Last night I did exactly that, with the intention of timing the results to see how fast the process is.
I have a loop of code which does the following:
Set a pin, either something useful, such as changing the reset signal IC or something benign such as setting a pin to it's current value.
Raise the clock signal ΦM
Read a pin, either something useful, such as MO (based on the current count of ΦM) or something not useful (such as reading MO and ignoring the result).
Lower the clock signal ΦM
So the loop represents a single clock pulse, and the time taken to execute the loop is somewhat consistent, by no means perfect, but should be good enough.
I ran this for 50,000 × 60 × 72 iterations, If the clock was running at an ideal 3.57MHz, this would take just about 60 seconds, because the clock should deliver 72 cycles per sample, almost 50,000 samples per second.
I timed the results using the linux time command. The elapsed real time was between 98 and 109 seconds. This gives a lower speed estimate of 1.98MHz, which is just shy of the documented minimum 2MHz signal required be the chip. I think that will probably do. What I have to be careful of is not to cram too much additional decision making into the loop.
There are I'm aware some flaws in the methodology, some of them quite serious:
The methodology takes no account of the set-up and tear-down time for the program that I wrote. (this will artificially depress the results)
The methodology makes no attempt to measure the consistency of the clock, nor of it's duty cycle.
The methodology ignores the multi-tasking nature of the linux operating system, and to some extent of the raspberry-pi itself. This is probably the most serious issue. The clock might be running well above 2MHz for much of the time, but with relatively long periods in which it stops completely. If the registers of the chip are prone to decay without a sustained clock, then these long delay periods may significantly compromise any output data, and throw any findings into question.
Mitigation:
I could raise the process priority of the program. This would likely make interruptions less frequent, but would probably do little to shorten them when they still inevitably occurred.
I could write to the GPIO more directly, the wiringPi library is convenient, and relatively portable, but it does contain options to access GPIO more efficiently, or I could forego wiringPi altogether and write assembly routines.
I could overclock the processor. The latest OS releases have the potential to get considerably more processing power out of the board, but it's not clear to me yet if I can apply this to my revision 1 board.

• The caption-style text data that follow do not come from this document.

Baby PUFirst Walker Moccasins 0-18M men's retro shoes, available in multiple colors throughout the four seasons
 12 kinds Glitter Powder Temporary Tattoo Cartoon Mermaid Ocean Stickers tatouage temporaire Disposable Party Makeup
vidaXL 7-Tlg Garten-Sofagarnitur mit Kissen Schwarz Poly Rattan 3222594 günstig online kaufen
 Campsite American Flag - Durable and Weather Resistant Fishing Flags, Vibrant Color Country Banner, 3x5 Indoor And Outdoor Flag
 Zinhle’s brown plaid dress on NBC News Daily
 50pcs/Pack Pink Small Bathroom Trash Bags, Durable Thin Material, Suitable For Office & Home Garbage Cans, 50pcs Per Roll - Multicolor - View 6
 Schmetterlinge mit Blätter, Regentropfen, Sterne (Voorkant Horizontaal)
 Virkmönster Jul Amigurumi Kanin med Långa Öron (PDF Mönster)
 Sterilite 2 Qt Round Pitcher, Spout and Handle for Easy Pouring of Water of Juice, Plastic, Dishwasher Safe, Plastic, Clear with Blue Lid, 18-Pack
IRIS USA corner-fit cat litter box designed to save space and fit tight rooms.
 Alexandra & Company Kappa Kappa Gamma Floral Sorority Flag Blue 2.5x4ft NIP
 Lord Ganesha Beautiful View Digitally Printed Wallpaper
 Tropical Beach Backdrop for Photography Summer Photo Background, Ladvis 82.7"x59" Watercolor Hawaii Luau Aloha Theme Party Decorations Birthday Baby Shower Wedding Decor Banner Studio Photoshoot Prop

I could forego linux altogether. Courtesy of Cambridge University there's sufficient information out there for me to write my own operating system. But that would leave me with the options of either writing a new program for every experiment, or writing a considerable amount of operating system with perhaps even a rudimentary file system to make code more re-usable. It doesn't address the issue of hardware interrupts generated by amongst other things, the GPU.